Given information:
'''
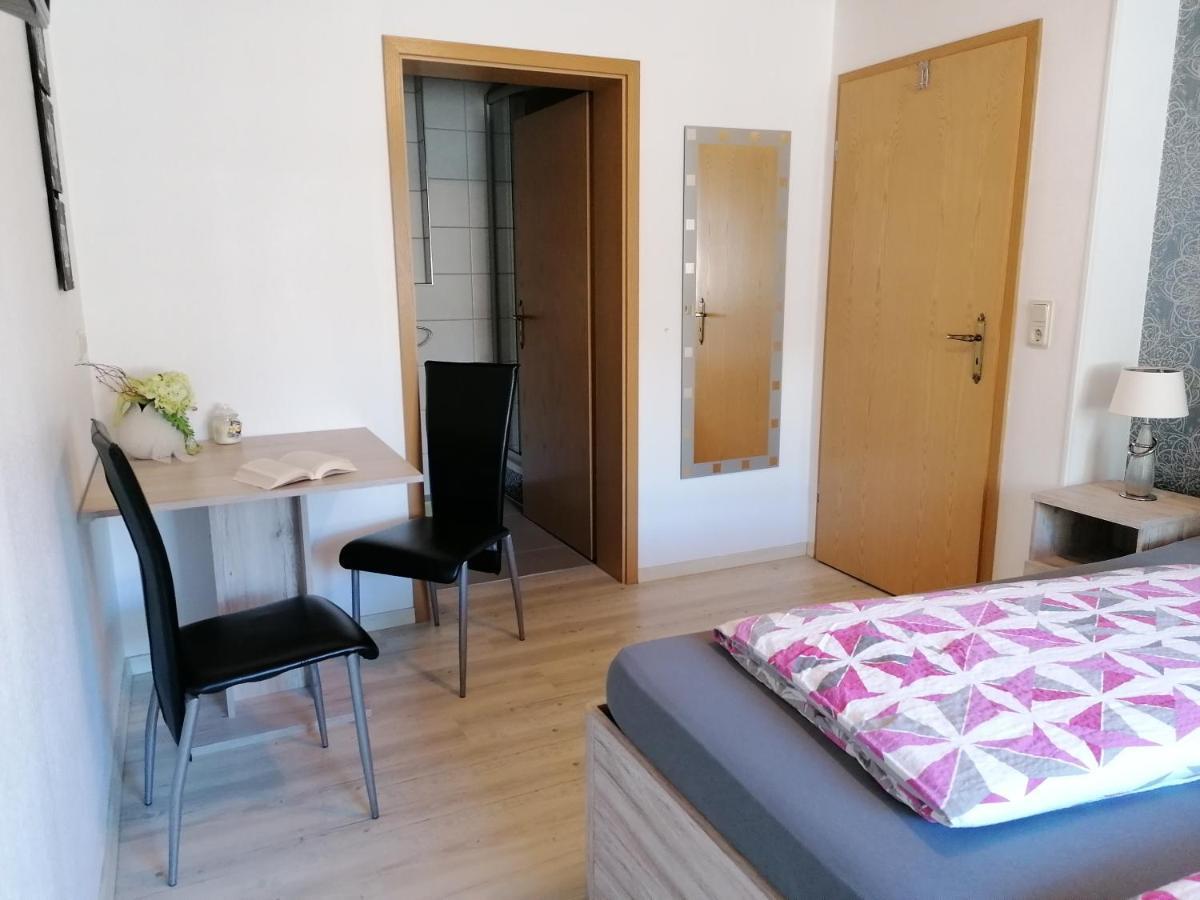 Apartment Weber Offenheim Bagian luar foto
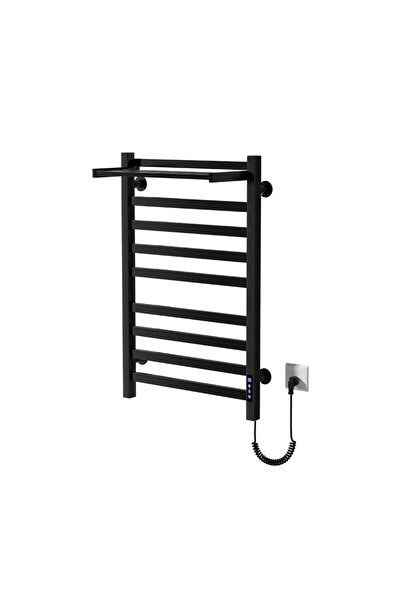 Trendy's Ηλεκτρική κρεμάστρα για πετσέτες TRENDYS, 45 x 65 cm, ψηφιακή, ματ μ...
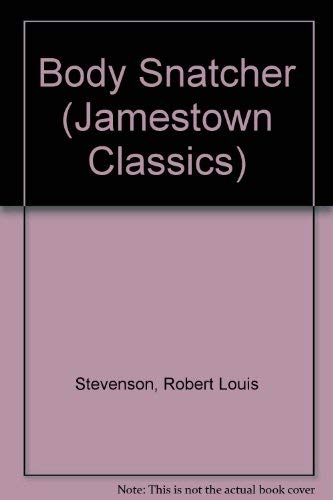 9780890612576: Body Snatcher (Jamestown Classics)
'''
Task to carry out: Repeat the listing word for word, and skip every picture it contains.

Problem solution:
 Apartment Weber Offenheim Bagian luar foto
 Trendy's Ηλεκτρική κρεμάστρα για πετσέτες TRENDYS, 45 x 65 cm, ψηφιακή, ματ μ...
 9780890612576: Body Snatcher (Jamestown Classics)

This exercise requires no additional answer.